We have provided a copy of this Form 8-K to our independent auditor, B.F Borgers C.P.A. to provide a letter addressed to the U.S. Securities and Exchange Commission stating whether the independent auditor agrees with the statements set forth herein and, if not, stating the respects in which it does not agree in the letter. We intend to file the independent accountant's letter as an exhibit to the Amendment to the Quarterly Report on the 2021 Second Quarter Form 10-Q for the period ending June 30, 2021.

Risk Factors Related to the Agreement and Our Financial Condition

Any person who seeks to acquire our Common Stock, our Preferred Stock, or any other instrument that we may issue should be aware that any such investment should be considered only by those persons who can afford the total loss of their investment and in addition to the above, these risks include, but are not limited to, the risks set forth in our most recent 2020 Annual Report on Form 10-K under Item 1A together with the following:







   º We completed the acquisition of Human Brands International, Inc. ("Human
     Brands") and while we believe that the acquisition will provide us with
     significant business opportunities that may generate profits and a positive
     cash flow, we cannot assure you that we will achieve these and other goals
     and if we do achieve either or both of these goals, that we can sustain
     profitability, positive cash flow or both of them for any period of time.









   º We have limited financial and managerial resources to implement our
     business plan and otherwise conduct our corporate affairs and there can be
     no guarantee that we will have sufficient financial and managerial
     resources to do so in the future.



   º We anticipate that we will need to raise a significant amount of additional
     capital to support our current financial needs and the capital that we are
     likely to need if we are to sustain our corporate existence and otherwise
     conduct our intended business.



   º At present we have not received any commitment from any capable and
     qualified third party to provide a sufficient amount of additional funds
     that will allow us to meet our current and projected needs and there can be
     no assurance that we will receive a sufficient amount of funds at any time
     in the near future or, if we do receive such funds, that the funds will be
     provided on reasonable terms and in sufficient amounts and on a timely
     basis given our current financial condition. If we are not successful in
     obtaining such funds, in sufficient amounts, on reasonable terms, and on a
     timely basis, any person who acquires our Common Stock, our Preferred
     Stock, or any other instrument that we may issue or any combination of
     them, will likely lose their entire investment.
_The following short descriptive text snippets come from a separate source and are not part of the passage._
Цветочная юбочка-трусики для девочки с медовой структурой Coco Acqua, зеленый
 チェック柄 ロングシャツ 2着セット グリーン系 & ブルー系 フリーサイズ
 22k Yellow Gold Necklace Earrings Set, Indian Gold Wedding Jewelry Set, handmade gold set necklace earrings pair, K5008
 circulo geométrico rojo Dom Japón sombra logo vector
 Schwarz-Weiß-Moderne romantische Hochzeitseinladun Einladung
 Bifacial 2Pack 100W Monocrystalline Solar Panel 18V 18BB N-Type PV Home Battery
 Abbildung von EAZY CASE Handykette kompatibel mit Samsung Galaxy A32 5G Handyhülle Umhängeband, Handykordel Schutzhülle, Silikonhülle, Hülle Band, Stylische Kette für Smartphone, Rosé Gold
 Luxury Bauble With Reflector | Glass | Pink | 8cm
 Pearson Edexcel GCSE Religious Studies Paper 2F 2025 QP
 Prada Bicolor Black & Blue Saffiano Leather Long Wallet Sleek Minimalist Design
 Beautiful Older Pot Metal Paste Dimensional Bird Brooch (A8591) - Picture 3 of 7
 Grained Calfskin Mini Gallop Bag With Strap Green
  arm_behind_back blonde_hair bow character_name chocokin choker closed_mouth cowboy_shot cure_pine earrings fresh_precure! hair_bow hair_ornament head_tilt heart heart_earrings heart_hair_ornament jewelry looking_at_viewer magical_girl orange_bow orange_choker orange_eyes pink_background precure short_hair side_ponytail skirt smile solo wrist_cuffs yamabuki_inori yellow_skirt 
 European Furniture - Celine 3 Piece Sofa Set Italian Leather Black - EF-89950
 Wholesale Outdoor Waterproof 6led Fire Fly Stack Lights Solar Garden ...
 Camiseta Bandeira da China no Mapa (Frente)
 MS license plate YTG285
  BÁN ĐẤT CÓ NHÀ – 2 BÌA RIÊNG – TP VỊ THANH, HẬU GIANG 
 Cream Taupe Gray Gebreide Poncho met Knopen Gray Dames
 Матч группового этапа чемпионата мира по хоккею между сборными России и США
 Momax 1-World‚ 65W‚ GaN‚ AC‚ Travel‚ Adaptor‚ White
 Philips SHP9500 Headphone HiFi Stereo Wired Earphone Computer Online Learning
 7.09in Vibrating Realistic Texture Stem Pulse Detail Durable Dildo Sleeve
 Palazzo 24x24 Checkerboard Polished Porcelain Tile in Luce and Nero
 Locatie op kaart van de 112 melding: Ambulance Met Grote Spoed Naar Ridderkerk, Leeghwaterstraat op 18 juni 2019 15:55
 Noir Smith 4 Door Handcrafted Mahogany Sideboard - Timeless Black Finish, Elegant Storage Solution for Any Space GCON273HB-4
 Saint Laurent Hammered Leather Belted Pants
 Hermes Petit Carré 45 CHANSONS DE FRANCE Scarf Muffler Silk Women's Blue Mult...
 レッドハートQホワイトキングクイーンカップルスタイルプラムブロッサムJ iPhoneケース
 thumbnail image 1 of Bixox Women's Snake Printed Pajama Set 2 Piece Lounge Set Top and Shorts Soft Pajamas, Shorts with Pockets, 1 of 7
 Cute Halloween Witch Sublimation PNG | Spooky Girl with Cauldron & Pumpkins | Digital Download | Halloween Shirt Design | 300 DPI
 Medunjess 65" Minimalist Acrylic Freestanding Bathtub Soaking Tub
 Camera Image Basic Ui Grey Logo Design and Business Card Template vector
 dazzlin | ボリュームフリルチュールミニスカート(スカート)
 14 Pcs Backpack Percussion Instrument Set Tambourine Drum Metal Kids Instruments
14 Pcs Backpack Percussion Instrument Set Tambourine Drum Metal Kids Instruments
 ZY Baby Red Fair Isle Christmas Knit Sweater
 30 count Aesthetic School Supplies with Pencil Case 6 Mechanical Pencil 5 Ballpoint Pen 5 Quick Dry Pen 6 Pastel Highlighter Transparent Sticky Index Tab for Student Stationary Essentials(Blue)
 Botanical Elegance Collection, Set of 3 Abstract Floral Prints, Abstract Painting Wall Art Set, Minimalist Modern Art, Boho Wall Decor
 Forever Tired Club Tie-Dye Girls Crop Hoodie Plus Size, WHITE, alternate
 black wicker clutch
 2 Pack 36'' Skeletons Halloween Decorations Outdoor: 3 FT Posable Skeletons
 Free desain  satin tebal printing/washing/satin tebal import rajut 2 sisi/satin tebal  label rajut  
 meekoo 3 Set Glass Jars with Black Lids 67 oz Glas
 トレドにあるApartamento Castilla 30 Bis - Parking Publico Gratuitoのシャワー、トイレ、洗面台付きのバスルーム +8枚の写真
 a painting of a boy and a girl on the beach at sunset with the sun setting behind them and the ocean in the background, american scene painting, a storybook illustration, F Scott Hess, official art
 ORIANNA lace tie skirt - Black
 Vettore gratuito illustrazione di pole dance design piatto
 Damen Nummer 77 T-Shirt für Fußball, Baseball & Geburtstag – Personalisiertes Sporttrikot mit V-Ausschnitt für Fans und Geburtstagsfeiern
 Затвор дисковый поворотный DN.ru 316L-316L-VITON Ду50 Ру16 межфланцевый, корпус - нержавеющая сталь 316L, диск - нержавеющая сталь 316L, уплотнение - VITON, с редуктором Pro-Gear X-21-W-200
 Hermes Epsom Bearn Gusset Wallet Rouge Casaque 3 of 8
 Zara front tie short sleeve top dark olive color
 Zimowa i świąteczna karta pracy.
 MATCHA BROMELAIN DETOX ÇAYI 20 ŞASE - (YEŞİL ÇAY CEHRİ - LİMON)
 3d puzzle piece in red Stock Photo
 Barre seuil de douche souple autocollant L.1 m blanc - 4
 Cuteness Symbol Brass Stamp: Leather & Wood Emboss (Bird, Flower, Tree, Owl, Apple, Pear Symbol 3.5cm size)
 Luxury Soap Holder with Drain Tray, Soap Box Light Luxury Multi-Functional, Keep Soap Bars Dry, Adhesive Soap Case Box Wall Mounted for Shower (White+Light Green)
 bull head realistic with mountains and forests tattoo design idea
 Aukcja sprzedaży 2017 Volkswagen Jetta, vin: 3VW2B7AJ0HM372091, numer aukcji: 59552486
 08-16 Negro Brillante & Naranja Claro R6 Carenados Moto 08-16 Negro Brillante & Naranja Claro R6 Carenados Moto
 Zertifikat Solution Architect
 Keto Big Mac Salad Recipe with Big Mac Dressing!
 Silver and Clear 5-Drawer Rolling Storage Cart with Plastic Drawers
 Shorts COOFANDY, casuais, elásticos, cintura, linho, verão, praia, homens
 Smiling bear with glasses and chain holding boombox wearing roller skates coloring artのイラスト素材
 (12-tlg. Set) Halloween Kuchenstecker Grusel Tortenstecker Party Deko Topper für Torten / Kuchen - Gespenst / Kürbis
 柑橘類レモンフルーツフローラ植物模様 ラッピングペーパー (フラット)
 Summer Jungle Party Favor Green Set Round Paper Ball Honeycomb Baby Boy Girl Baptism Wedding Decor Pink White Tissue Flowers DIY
   º Holders of our Common Stock face an almost certain prospect of immediate
     and substantial dilution since even if a qualified and capable prospective
     investor were willing to assume the extraordinary risks involved in making
     an investment into our Company, existing investors would very likely suffer
     dilution in ownership, in destruction of the current book value per share,
     and the destruction of the extent of their voting rights that likely would
     be permanent and without recourse. Thus, any person who acquires our Common
     Stock should be prepared to lose all or substantially all of their
     investment.



   º There is no continuous and liquid trading market for our Common Stock and
     there is no likelihood that any such trading market will ever develop or,
     if it does develop, that it can be sustained. As a result, any person who
     acquires our Common Stock is not acquiring that has or will have at any
     time in the future, any liquidity that would allow them to sell our Common
     Stock without significant delays and/or difficulties. Further, there is no
     trading market for our Preferred Stock and there is no prospect that our
     Preferred Stock will ever be traded in any market.



   º We have no history of paying dividends on our Common Stock and given our
     history of losses, it is highly unlikely that we will be paying any
     dividends at any time in the near future.









   º We have not received any independent third-party evaluation of our business
     plan and the strategies that our Board of Directors has adopted and we have
     no present plans to secure any such evaluation. We may discover that
     notwithstanding our efforts and our acquisition of Human Brands
     International Inc., all or a significant part of our plans and strategies
     may not be financially feasible for any one or more reasons. As a result,
     our stockholders are exposed to significant and continuing risks and may
     thereby suffer the total loss of their investment.



   º We face intense competition from many other larger and well-established
     competitors who possess significantly greater financial resources than we
     have currently and at any time in the foreseeable future.



   º For these reasons and in view of the high risks and continuing unmitigated
     uncertainties involved, we cannot assure you that we will ever expect to
     gain any financial or other benefits as a result of the acquisition of
     Human Brands International, Inc. As a result, we may incur further
     protracted losses and negative cash flow thereby with the result that any
     holder of our Common Stock and any holder of our Preferred Stock would very
     likely suffer the total loss of their investment.



   º All of our securities should be considered HIGH RISK investments. For these
     reasons, any person who seeks to acquire our securities should be prepared
     to lose all of their investment.